La participation aux acquêts est la « bête noire » des praticiens qui la considèrent trop complexe à liquider. Mais pour les époux, n'est-ce pas le régime parfait ?
Il s'agit en effet d'un régime simple de fonctionnement au quotidien et protecteur (gage des créanciers), bénéficiant ainsi des avantages de la séparation de biens tout en assurant l'équité qu'un régime matrimonial se doit d'apporter aux membres du couple avec un partage d'enrichissement en fin d'union. En effet, en choisissant de se marier, les époux acceptent l'idée d'une communauté de vie, et donc nécessairement celle d'une communauté d'intérêts qu'il n'est pas possible d'éluder à l'heure de la séparation. Ce principe est vrai dans tous les régimes, et bien souvent trop vite oublié par les époux qui se séparent.

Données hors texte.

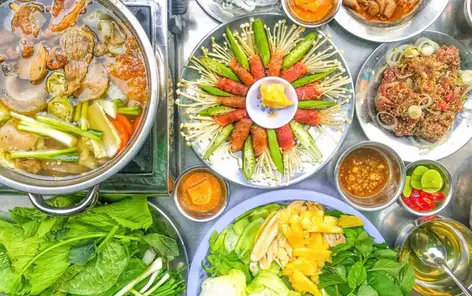 Bò Nướng Ngói & Lẩu Bò Cô Tư - Bàn Cờ - Lẩu & Nướng gần bạn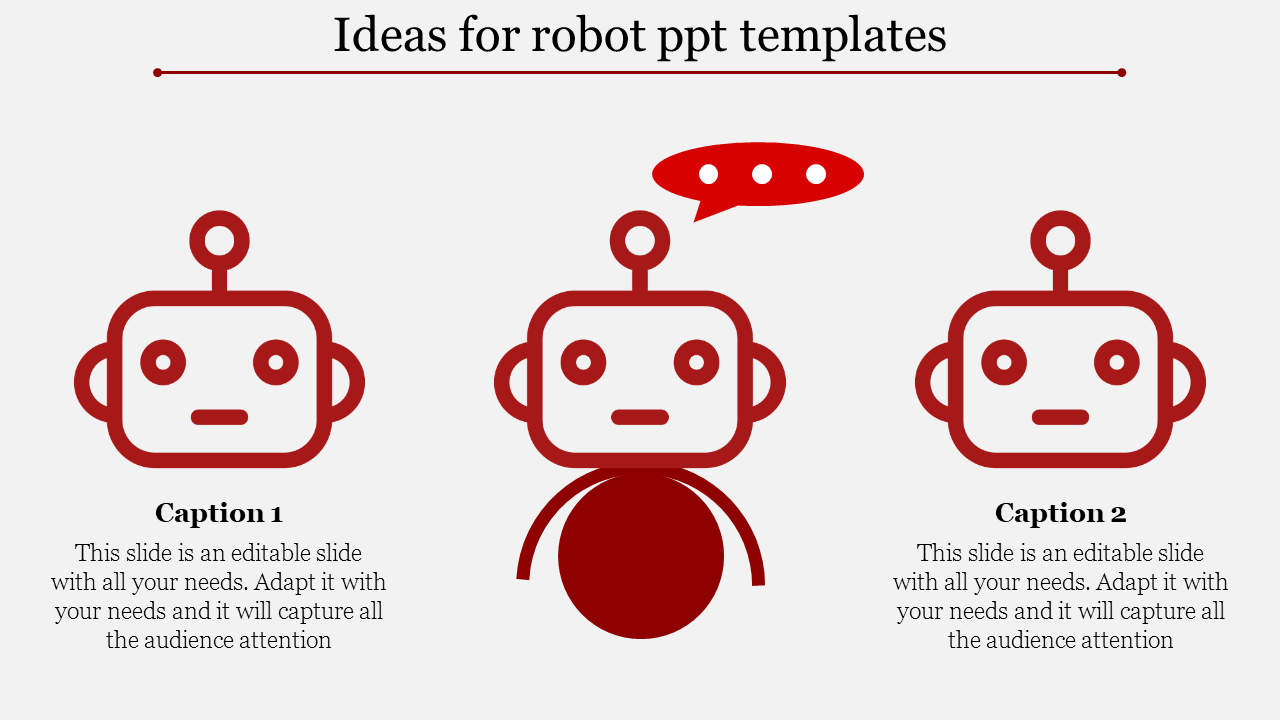 Free - Ready To Use Robot PPT Templates and Google Slides Themes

La participation aux acquêts, en cours d'union, prône un principe d'indépendance des patrimoines.
Le principal avantage de ce régime tient au partage d'enrichissement et à la simplicité de celui-ci, car seulement en valeur (ce qui se différencie du partage de patrimoine : partage d'une masse commune). Ce mécanisme annihile à la source le débat financier entre époux : existe-t-il, réellement, un intérêt à débattre d'une créance entre époux ou d'une contribution aux charges du mariage quand l'époux est intéressé à l'enrichissement de l'autre ?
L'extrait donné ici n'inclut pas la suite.